Florida coach Billy Donovan will miss a chance to watch his oldest son, Billy, play this weekend for Catholic University.
The tip for Catholic’s basketball game against Goucher College in Baltimore, Md, is 5:30 p.m. on Saturday. The Gators are due to arrive in Washington, D.C., for its Sunday game against American around that time.
“My wife is going to go up there and watch him play on Saturday and I’ll get a chance to see him Saturday night when we get in and he’ll come to the game (against American),” Donovan said. “Actually during the final exam, we have a 10-day period, 11-day period with exams. With our practice schedule I’m going to be able to go back up there again and see him play.”
The younger Donovan, a former standout at St. Francis High in Gainesville, has yet to score his first collegiate basket for Catholic. He’s played in three of Catholic’s first five games, averaging four minutes per games for the Washington D.C.-based school.
But Donovan said his son is enjoying the experience of being away at school for the first time.
“He loves it,” Donovan said. “He’s doing really, really well. I got a chance to watch his second exhibition game, I got a chance to go up to Notre Dame and see him play against Notre Dame which was great to see him and just amazing that he was already in college.”
Even though his minutes are limited, Donovan said his son is keeping a positive attitude.
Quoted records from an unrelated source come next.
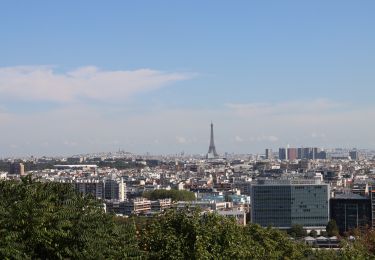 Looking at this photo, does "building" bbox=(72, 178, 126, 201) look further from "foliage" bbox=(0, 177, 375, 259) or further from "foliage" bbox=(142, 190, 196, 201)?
"foliage" bbox=(0, 177, 375, 259)

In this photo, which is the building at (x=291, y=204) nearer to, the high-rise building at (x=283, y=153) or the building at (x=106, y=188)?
the building at (x=106, y=188)

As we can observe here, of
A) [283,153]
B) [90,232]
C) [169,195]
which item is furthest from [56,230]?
[283,153]

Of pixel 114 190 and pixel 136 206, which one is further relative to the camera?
pixel 114 190

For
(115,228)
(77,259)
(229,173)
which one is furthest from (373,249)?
(229,173)

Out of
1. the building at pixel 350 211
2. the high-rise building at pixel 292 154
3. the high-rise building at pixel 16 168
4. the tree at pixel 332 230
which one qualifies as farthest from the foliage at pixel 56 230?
the high-rise building at pixel 292 154

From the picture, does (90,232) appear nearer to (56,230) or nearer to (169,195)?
(56,230)

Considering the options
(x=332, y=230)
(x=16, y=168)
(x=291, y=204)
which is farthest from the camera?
(x=16, y=168)

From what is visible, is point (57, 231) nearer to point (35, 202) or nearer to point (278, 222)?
point (35, 202)

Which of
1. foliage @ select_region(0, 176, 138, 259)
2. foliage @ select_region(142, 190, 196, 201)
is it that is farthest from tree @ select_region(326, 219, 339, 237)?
foliage @ select_region(0, 176, 138, 259) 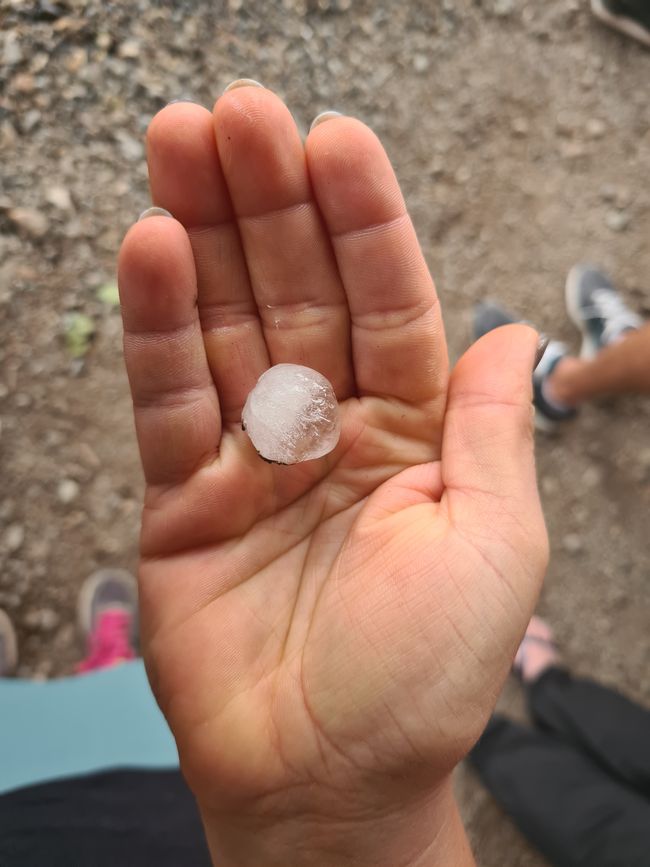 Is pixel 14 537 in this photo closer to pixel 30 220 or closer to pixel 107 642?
pixel 107 642

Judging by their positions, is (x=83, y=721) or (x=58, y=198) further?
(x=58, y=198)

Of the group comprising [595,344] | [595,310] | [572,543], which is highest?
[595,310]

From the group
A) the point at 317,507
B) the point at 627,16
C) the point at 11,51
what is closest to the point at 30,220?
the point at 11,51

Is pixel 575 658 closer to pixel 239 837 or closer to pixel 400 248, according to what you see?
pixel 239 837

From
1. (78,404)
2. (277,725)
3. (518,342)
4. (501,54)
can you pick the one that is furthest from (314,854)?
(501,54)

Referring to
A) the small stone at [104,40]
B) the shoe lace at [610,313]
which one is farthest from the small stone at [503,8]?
the small stone at [104,40]

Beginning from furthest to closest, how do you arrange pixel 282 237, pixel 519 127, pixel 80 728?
pixel 519 127, pixel 80 728, pixel 282 237

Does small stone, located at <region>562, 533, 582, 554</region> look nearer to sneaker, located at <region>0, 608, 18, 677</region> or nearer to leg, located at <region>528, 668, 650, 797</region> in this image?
leg, located at <region>528, 668, 650, 797</region>

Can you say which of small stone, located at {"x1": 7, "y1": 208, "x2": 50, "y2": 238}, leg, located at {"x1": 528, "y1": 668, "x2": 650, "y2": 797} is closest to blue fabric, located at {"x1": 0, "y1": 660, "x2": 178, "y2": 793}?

“I get the other side of it as a parent where you’ve got someone who is playing not as much as they’d like to or want to,” Donovan said. “That’s part of the growing up and maturing process he has to go through and get better. So but he loves the team, loves his teammates, the coaches, the school, he’s very happy.”
Donovan said it’s something he can now tell other parents that are concerned with their son’s playing time issues.
“Absolutely, I can tell everybody now, hey I’ve got one now going through the same thing,” Donovan said. “He understands, which is good, that there are a couple of guys in front of him that are older than him that are seniors that, you know, his job and his responsibility this year will be to back up.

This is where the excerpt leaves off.